As lâmpadas coloridas, essas viu entrando na sala, já contente, como contentes ficamos quando vamos encontrando pelo caminho as placas de localidades tal e qual nos indicam os mapas.
A primeira surpresa foram os brinquedos no chão. Entrando em lugar assim, a última coisa que nos ocorre é olhar para baixo, controlando o itenerário preciso dos nossos pés; seguimos a linha horizontal que o olhar nos proporciona.
A curta caminhada é interrompida pelo craque vindo de baixo e pelo desconforto de algo duro sob o pé, primeiro compacto, em seguida multiplicando-se sonoramente por diversos pedaços. A luz não é clara na sala do oculto, e ele tem de se baixar para descortinar uma miniatura de carro de bombeiro, agora desfeita; soltou-se a mangueira, partiu-se o vidro frontal, jaz por ali uma porta vermelha.
Não tenta recolher os despojos, mas pede desculpa instintiva e imediatamente, sem obter resposta.
Os olhos voltam a focar a linha que a sua altura permite.

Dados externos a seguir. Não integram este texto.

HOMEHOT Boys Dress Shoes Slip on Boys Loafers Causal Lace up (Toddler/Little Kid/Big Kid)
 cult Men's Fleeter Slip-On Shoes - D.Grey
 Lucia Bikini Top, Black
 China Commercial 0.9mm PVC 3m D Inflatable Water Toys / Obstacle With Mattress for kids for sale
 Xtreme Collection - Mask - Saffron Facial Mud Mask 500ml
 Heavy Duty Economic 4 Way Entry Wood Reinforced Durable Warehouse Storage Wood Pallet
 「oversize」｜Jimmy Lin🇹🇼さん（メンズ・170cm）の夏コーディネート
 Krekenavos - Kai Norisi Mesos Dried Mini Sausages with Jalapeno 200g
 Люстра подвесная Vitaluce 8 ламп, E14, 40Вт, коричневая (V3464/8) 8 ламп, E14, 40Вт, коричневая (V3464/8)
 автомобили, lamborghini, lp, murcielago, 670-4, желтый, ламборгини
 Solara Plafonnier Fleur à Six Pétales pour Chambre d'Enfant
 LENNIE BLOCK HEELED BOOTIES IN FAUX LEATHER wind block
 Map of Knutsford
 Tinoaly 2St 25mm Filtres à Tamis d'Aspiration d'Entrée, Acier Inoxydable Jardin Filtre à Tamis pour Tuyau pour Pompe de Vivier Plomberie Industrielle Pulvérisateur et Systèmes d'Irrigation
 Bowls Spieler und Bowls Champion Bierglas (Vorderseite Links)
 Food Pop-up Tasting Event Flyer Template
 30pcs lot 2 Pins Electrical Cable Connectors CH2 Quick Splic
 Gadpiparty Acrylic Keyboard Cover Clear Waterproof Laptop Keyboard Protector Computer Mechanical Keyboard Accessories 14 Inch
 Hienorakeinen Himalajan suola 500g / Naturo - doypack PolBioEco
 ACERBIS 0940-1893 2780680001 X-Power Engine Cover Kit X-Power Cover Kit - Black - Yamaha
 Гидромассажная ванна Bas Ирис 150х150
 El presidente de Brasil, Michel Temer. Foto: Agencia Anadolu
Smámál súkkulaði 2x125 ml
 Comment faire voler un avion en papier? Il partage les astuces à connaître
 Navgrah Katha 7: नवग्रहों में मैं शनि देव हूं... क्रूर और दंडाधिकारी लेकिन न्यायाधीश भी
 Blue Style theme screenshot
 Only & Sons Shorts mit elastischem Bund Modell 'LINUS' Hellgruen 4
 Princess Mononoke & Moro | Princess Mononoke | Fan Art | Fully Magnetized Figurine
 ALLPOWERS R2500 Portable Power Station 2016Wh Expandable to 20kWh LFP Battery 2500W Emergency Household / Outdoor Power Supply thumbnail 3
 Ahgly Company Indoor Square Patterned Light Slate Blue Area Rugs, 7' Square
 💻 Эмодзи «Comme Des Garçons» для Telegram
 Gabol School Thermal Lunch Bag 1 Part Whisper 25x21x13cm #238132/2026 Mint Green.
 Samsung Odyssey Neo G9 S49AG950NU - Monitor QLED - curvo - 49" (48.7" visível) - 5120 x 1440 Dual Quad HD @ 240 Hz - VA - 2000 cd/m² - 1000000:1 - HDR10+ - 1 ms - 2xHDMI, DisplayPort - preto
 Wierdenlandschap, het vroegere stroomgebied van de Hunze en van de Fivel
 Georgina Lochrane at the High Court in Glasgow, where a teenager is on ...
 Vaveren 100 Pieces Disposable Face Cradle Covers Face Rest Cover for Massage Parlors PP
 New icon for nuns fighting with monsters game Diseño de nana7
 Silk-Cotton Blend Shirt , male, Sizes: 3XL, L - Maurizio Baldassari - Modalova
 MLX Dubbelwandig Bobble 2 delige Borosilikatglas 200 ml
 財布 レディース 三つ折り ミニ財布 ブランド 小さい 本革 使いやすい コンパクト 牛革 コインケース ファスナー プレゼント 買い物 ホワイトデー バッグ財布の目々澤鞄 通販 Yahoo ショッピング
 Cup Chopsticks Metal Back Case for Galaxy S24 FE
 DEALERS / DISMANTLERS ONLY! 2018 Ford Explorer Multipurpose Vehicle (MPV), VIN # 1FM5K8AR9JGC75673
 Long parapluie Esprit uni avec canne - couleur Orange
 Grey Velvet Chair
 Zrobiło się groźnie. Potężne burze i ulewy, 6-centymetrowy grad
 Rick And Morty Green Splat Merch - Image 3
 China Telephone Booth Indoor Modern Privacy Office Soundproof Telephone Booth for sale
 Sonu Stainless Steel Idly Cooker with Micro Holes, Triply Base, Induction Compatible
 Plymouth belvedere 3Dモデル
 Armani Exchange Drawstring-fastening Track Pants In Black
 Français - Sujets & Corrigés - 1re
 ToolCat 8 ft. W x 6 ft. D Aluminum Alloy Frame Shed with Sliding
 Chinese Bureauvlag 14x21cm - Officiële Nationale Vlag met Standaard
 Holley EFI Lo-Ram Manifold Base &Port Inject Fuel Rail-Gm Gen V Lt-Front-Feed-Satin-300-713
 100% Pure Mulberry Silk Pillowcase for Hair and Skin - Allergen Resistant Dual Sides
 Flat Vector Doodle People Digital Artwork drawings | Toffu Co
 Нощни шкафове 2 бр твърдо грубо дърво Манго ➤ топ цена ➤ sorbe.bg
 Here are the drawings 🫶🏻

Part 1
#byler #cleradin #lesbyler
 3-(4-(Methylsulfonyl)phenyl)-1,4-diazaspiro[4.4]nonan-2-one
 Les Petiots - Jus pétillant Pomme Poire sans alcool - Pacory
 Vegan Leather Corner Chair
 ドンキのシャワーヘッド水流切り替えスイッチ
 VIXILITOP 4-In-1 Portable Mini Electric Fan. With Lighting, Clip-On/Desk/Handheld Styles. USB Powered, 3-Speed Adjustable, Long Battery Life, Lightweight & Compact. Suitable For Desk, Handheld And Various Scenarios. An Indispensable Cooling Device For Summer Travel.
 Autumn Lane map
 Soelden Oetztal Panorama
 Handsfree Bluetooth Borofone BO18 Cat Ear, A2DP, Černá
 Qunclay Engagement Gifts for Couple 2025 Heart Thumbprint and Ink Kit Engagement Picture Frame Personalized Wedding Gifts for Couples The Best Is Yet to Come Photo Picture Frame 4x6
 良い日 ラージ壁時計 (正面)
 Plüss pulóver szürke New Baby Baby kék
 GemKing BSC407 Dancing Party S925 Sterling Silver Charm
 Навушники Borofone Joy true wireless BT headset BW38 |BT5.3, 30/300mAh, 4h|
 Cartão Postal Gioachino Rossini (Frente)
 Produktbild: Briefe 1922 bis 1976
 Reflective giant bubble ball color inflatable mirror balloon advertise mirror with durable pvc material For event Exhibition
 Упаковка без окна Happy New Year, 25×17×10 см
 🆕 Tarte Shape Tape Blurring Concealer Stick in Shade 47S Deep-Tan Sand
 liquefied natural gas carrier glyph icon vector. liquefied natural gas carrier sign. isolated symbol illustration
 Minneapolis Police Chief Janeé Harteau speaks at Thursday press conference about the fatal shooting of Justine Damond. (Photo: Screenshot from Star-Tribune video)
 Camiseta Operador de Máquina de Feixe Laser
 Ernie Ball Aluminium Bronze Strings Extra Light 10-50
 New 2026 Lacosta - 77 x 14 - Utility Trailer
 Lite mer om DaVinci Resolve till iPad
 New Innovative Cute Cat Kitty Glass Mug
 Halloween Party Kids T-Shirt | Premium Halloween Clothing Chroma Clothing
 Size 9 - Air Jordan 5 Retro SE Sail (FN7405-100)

Há mesa, sim, redonda como esperava, mas em vez de mulher aciganada vê um miúdo. Filho da madame, certamente, são sempre madame qualquer coisa. O miúdo fala, a voz chega-lhe desfasada da imagem, sólida, não a infantil que se espera. A voz vem igualmente destruir a esperança no acerto da idade, as coordenadas são falaciosas, nenhuma criança tem uma voz assim.
Pensa entrar na brincadeira e senta-se, como se acreditasse de facto ser consultado por ele, como se não soubesse que dali a pouco, a qualquer instante, entrava pela outra porta
desculpe a demora, o meu filho incomodou-o?
uma mulher de lenço sobre vasta cabeleira e saia rodada, arrastando pelo chão.
A voz impossível do miúdo não se volta a ouvir, e isso fá-lo perceber que não tem ideia do que ele havia dito instantes antes.